From concept to realization the 2012 project dubbed “Crash” has been a smashing success.
Conceptually the project was intended to simulate a crashed sci-fi rocket ship as can be seen in the original concept sketch.
The concept was developed by weighing numerous variables but mostly with the aesthetics of the site and the interaction potential with numerous other site features in the vicinity. Crash was to be located at the Midlothian Castle alongside numerous “screaming heads” and other large scale concrete installations as well as the previous Pyramid project and a variety of other elements which lead to the feel of a collection artifacts from bygone civilizations. The potential for adding to this canvas and creating the largest surreal new development for this growing mythical storyline provided the drive to push this concept forward to completion.
Above is a functional rendering of the project. Check out the 3D model (If you have difficulty help is here.) Below is the actual installation ready for sound, lighting, and special effects installation.
Crash is now a large scale, roughly 4,000 ft^2, functional, art installation standing nearly 40′ tall. Crash was unveiled in September 2012. Following is a bit more about the project development.
During the conceptual development phase of the Crash project, in 2011, site requirements were identified and site selection began. After weighing concept, possible scale, aesthetic impact, and feasibility a location and orientation were selected.
Here’s the chosen Crash site location
Working with the material on site the excavator establishes the Crash pad with stockpiles of the removed topsoil waiting for redistribution.
Site work is almost finished and the topsoil is redistributed to blend the pad back into the surrounding topology. Note the scale of the site with the excavator in the background.
The finished site work on the Crash pad, measuring 60+ feet wide and over 100 ft long, this will be the home for the Crash projects roughly 4,000 ft^2 footprint on the ground.
Ground cover was then seeded and the site allowed to settle and regenerate over the winter in preparation for the Crash superstructure assembly scheduled for the spring of 2012.
Simultaneously Crash development was put into full swing and taken from concept to specific plans. 3D models of the project were developed and materials requirements for the superstructure were finalized and ordered. By early 2012 10,000 linear feet of 1 1/4″ steel tubing was ordered and delivered to the fabrication site at 91B.
The fabrication process was developed based of the process developed for the preceding Pyramid Project, new tools were developed for the added needs of manufacturing more specialized structural members, The production lines were stet up, detailed manufacturing instructions were developed, and packing and shipping lists were generated. Once the fabricators were trained, the superstructure component fabrication began. Within 1 week the Crash superstructure was not only fabricated but shipped and stowed on site in preparation for assembly.

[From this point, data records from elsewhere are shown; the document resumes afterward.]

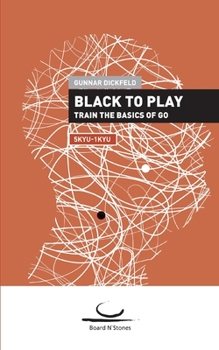 Paperback Black to Play!: Train the Basics of Go. 5 Kyu - 1 Kyu Book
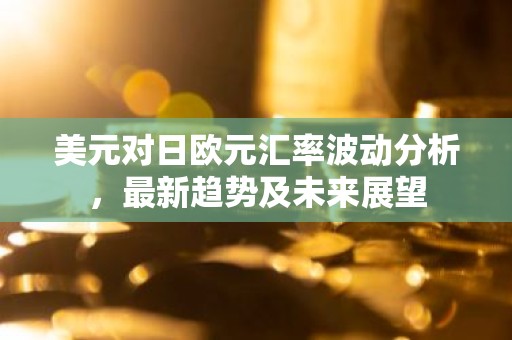 美元对日欧元汇率波动分析，最新趋势及未来展望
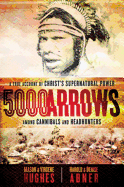 5,000 Arrows: A True Account of Christ's Supernatural Power Among Cannibals and Headhunters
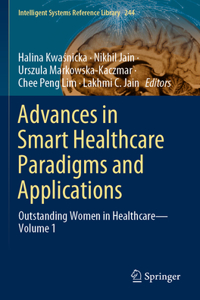 Advances in Smart Healthcare Paradigms and Applications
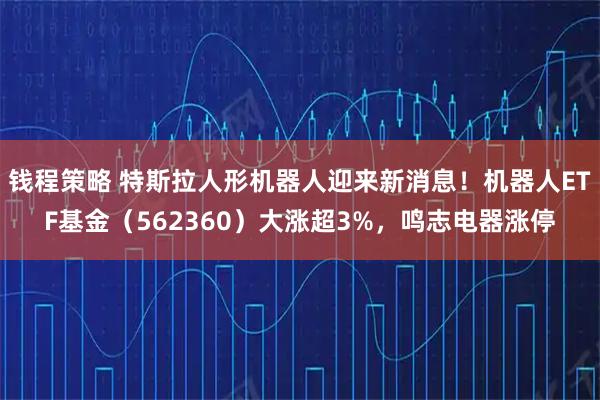 钱程策略 特斯拉人形机器人迎来新消息！机器人ETF基金（562360）大涨超3%，鸣志电器涨停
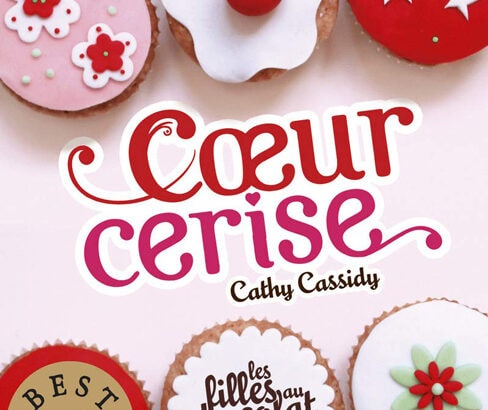 Couverture du roman Cœur Cerise de Cathy Cassidy, premier tome de la série Les filles au chocolat.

In addition to the superstructure the Crash project has a membrane component. While waiting for just the right moment to assemble the superstructure membrane design, materials selection, and materials sourcing began. After some diligent design and review sessions in parallel with manufacturer/distributors a membrane design was finalized. The installation membrane required some 20,500 ft^2 of technical material to be ordered to accommodate the membrane design and membrane fabrication was scheduled to take place after the superstructure assembly.
The superstructure assembly for Crash was a challenging endeavour. Due to scheduling and environmental constraints, as well as the sheer scale of the project, the assembly was broken apart into a few different assembly sessions. Start to finish assembly time was roughly a full week of long days with the help of a 20 ton crane, a scissor lift, and numerous dedicated construction crew members.
Careful planning and detailed patterning, on clear heavy gauge plastic sheeting, allowed the dedicated cover fabrication crew to manufacture the cover in just one full week. This was a challenging task given the size of the cover in relation to the manufacturing floor. The main fabrication floor was a mere 60′ long while the main cover sections for crash were some 90′ long.
Just one ‘finger’, the part that covers between 2 fins on the structure, of the main Crash cover consumes nearly the entire fabrication floor.
Once the cover was fabricated and on site it was unpacked and prepared next to the Crash structure.
The main cover, weighing roughly 600 pounds, was lifted into place with an articulating boom. Once in place finer adjustments were made from below with a scissor lift as the cover was rolled into place.
With the main cover roughly aligned the fin cover sections were put into place and the entire cover was laced together and tied down with 1.5Km of high tensile cord allowing the cover to ‘float’ over the structure while maintaining it’s shape. Expansion joints were finally cinched down to minimize billowing and the process gave way to sound, light, and effects installation.
The tail of Crash was fitted with 3 large light cannons and a fog generator which can be seen poking out from the center of the fin array in the photo above.
The interior was then fitted with a variety of lighting effects in preparation for a grand celebration.
As night gave way to day the surreal presence of Crash dominated the immediate landscape. Real and artificial fog swirrled in fading red light as participants continued to come and go from the dance floor.
Many thanks to all those who came and gave such a warm welcome to the arrival of Crash.